Could you restate word for word only the lines below from the one holding "超好看咖色短款羽绒服女202" to the one holding "(Purple) 2Pcs Curtain", inclusive, and leave out the pictures?

EXCERPTED RECORDS Start Marker

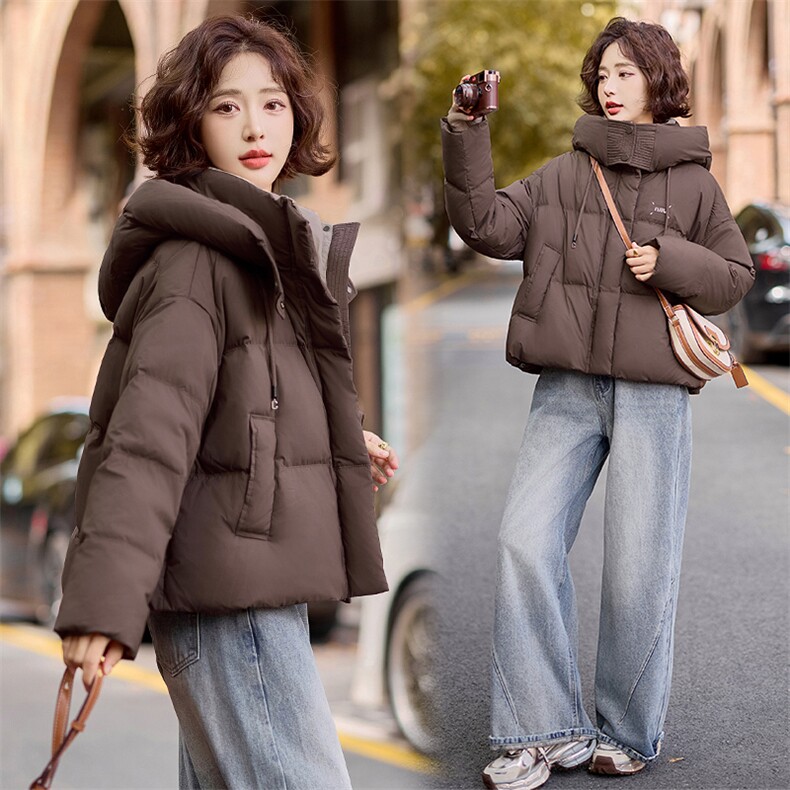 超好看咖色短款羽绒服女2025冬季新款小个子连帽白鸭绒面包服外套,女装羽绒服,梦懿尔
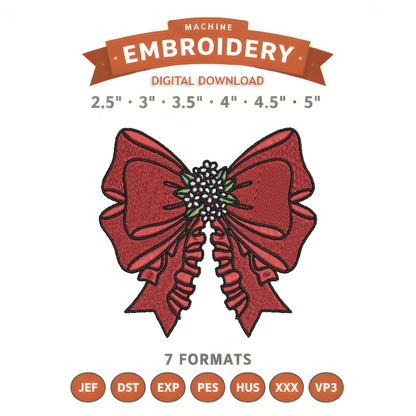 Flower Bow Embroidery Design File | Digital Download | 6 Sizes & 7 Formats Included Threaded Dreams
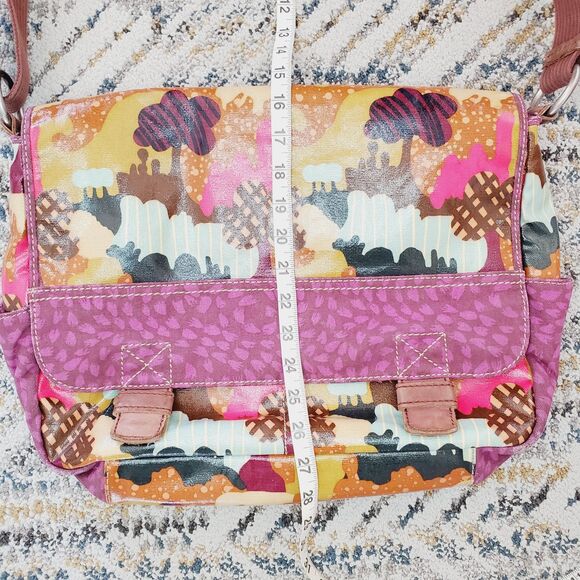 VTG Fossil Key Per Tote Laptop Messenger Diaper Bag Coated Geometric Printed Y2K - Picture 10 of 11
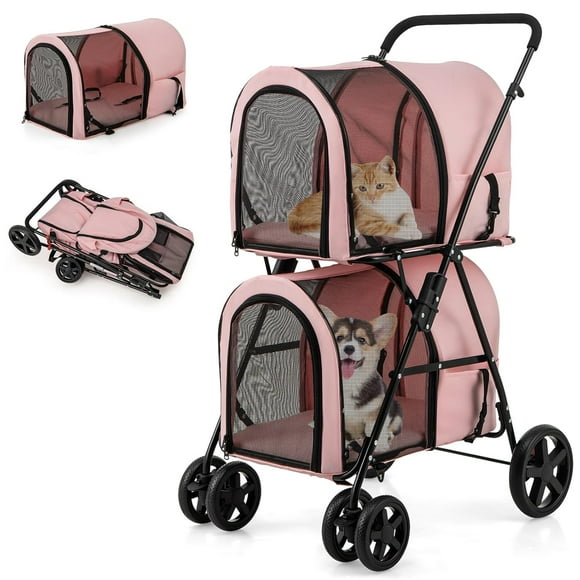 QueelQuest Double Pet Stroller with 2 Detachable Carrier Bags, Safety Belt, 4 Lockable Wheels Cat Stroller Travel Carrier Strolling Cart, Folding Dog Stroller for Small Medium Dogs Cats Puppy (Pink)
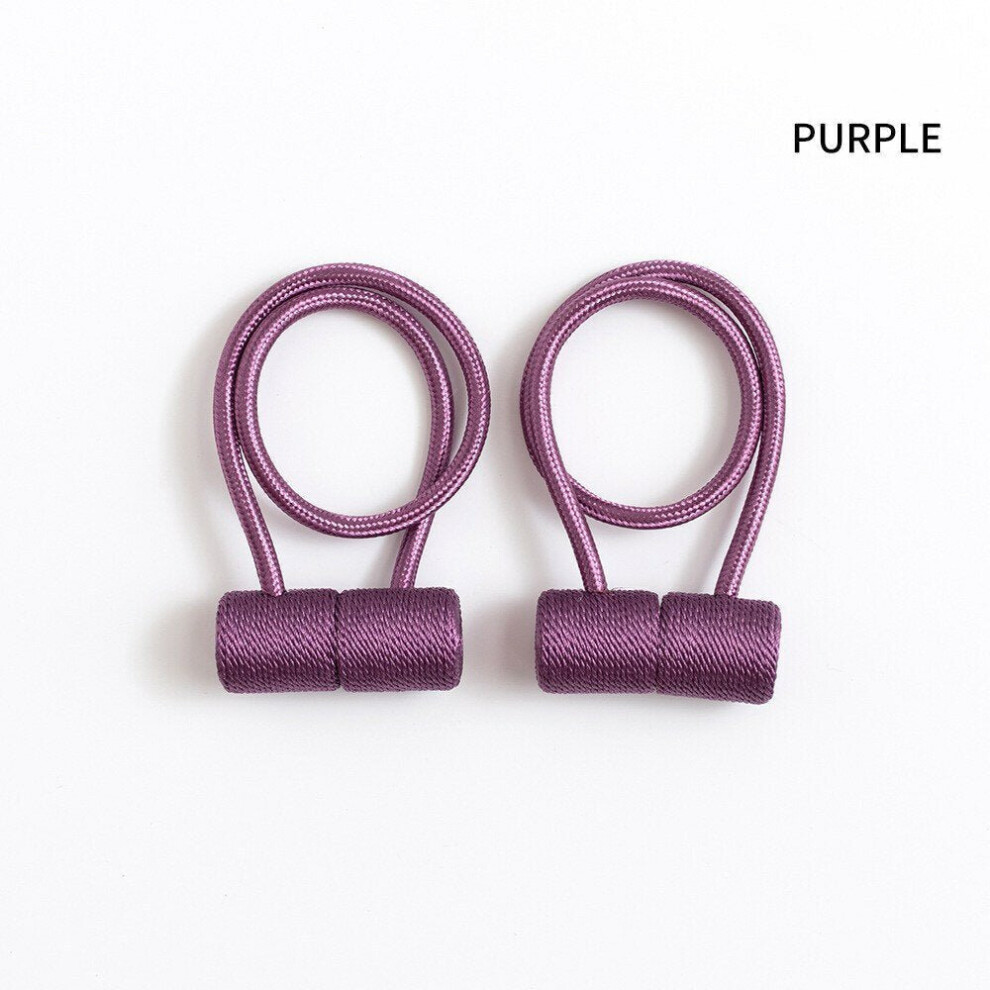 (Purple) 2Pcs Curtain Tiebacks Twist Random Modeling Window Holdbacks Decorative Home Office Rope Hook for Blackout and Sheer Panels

EXCERPTED RECORDS End Marker
EXCERPTED RECORDS Start Marker

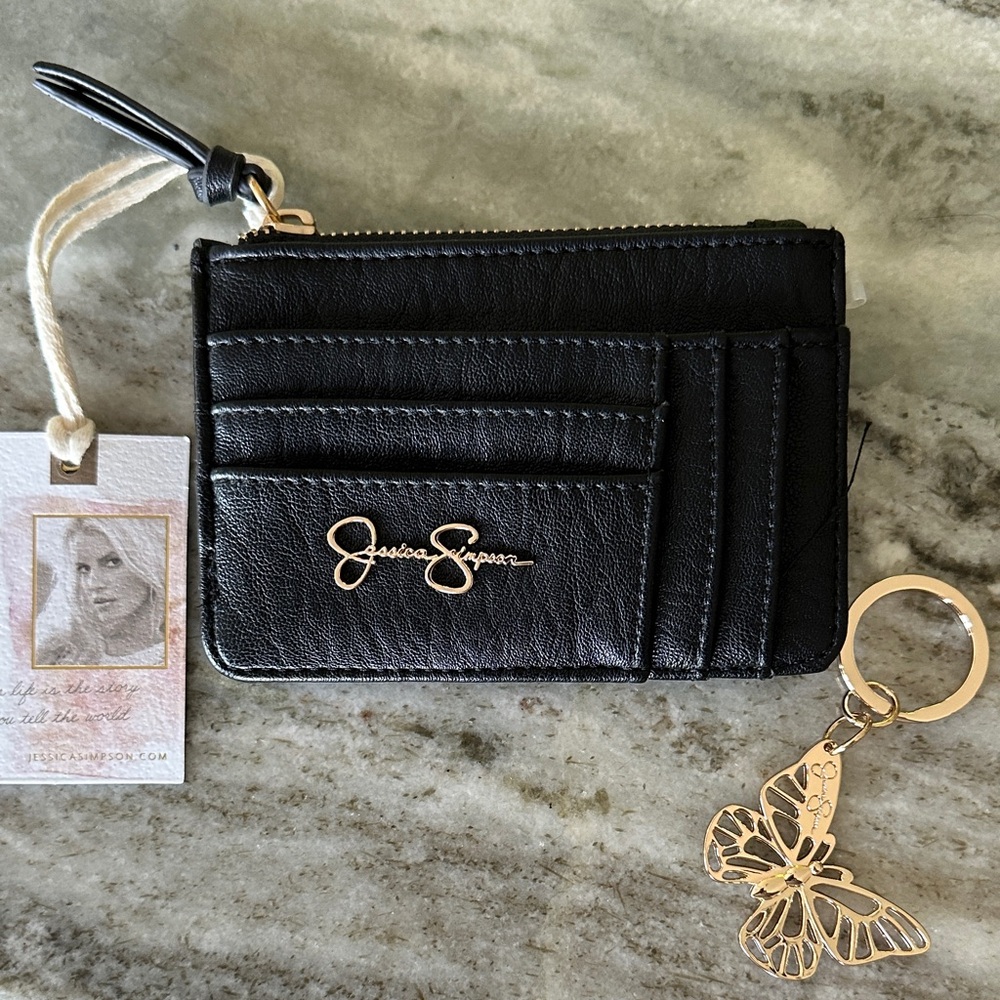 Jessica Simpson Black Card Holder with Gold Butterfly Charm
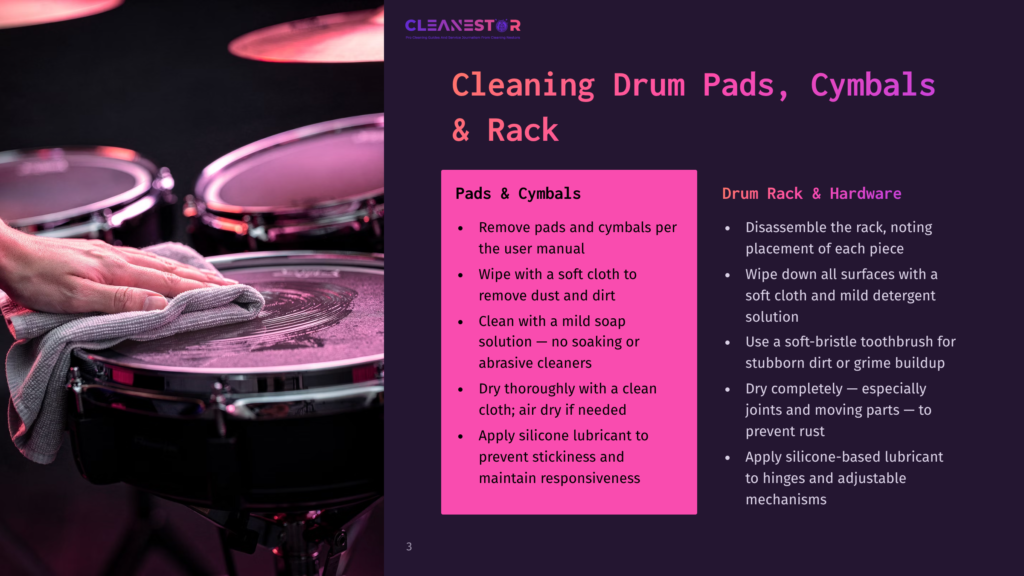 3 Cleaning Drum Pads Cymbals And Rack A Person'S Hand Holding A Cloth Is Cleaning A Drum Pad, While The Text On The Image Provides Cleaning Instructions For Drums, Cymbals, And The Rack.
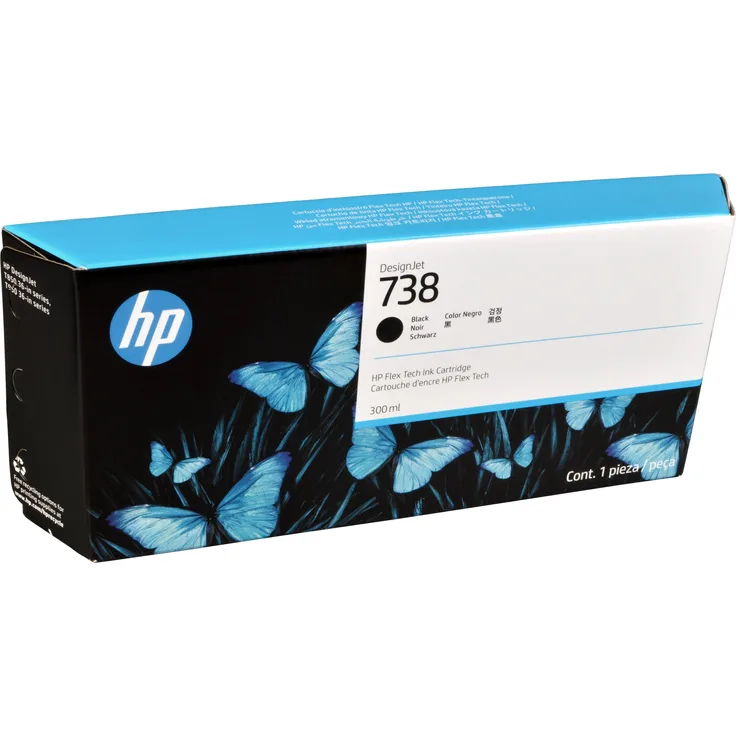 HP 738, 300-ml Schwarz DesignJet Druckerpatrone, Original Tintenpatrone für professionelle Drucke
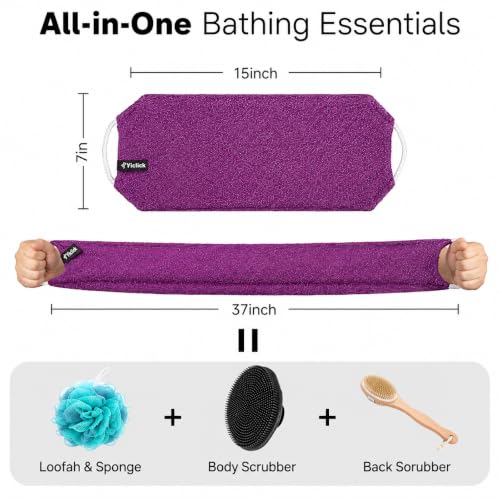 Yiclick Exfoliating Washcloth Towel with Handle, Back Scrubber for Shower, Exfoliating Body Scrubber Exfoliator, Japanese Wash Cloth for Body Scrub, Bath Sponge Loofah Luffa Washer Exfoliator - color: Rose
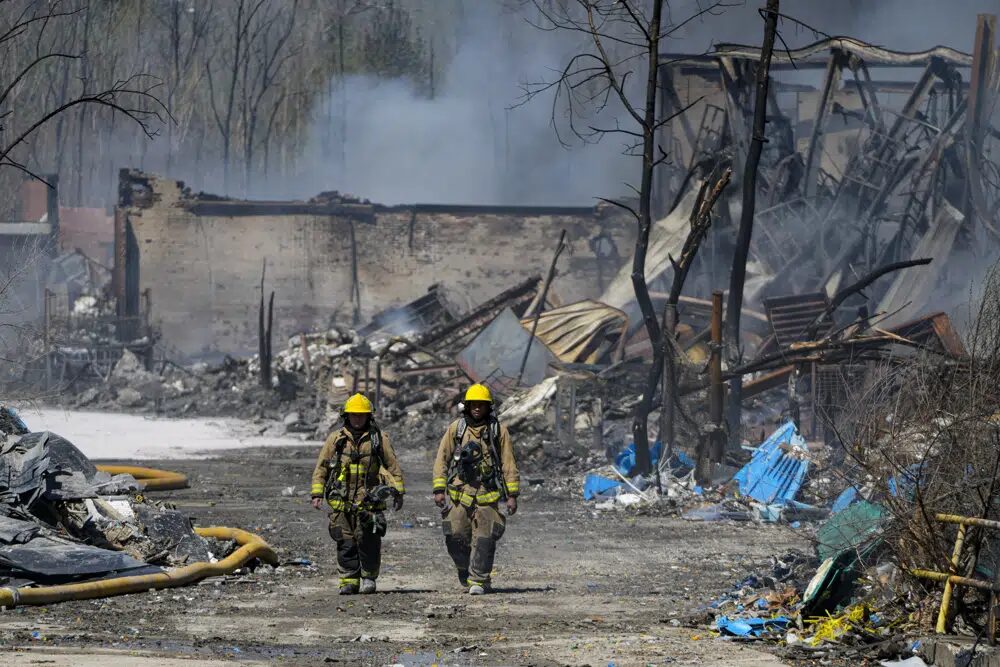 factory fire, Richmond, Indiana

EXCERPTED RECORDS End Marker

→ RESPONSE
 超好看咖色短款羽绒服女2025冬季新款小个子连帽白鸭绒面包服外套,女装羽绒服,梦懿尔
 Flower Bow Embroidery Design File | Digital Download | 6 Sizes & 7 Formats Included Threaded Dreams
 VTG Fossil Key Per Tote Laptop Messenger Diaper Bag Coated Geometric Printed Y2K - Picture 10 of 11
 QueelQuest Double Pet Stroller with 2 Detachable Carrier Bags, Safety Belt, 4 Lockable Wheels Cat Stroller Travel Carrier Strolling Cart, Folding Dog Stroller for Small Medium Dogs Cats Puppy (Pink)
 (Purple) 2Pcs Curtain Tiebacks Twist Random Modeling Window Holdbacks Decorative Home Office Rope Hook for Blackout and Sheer Panels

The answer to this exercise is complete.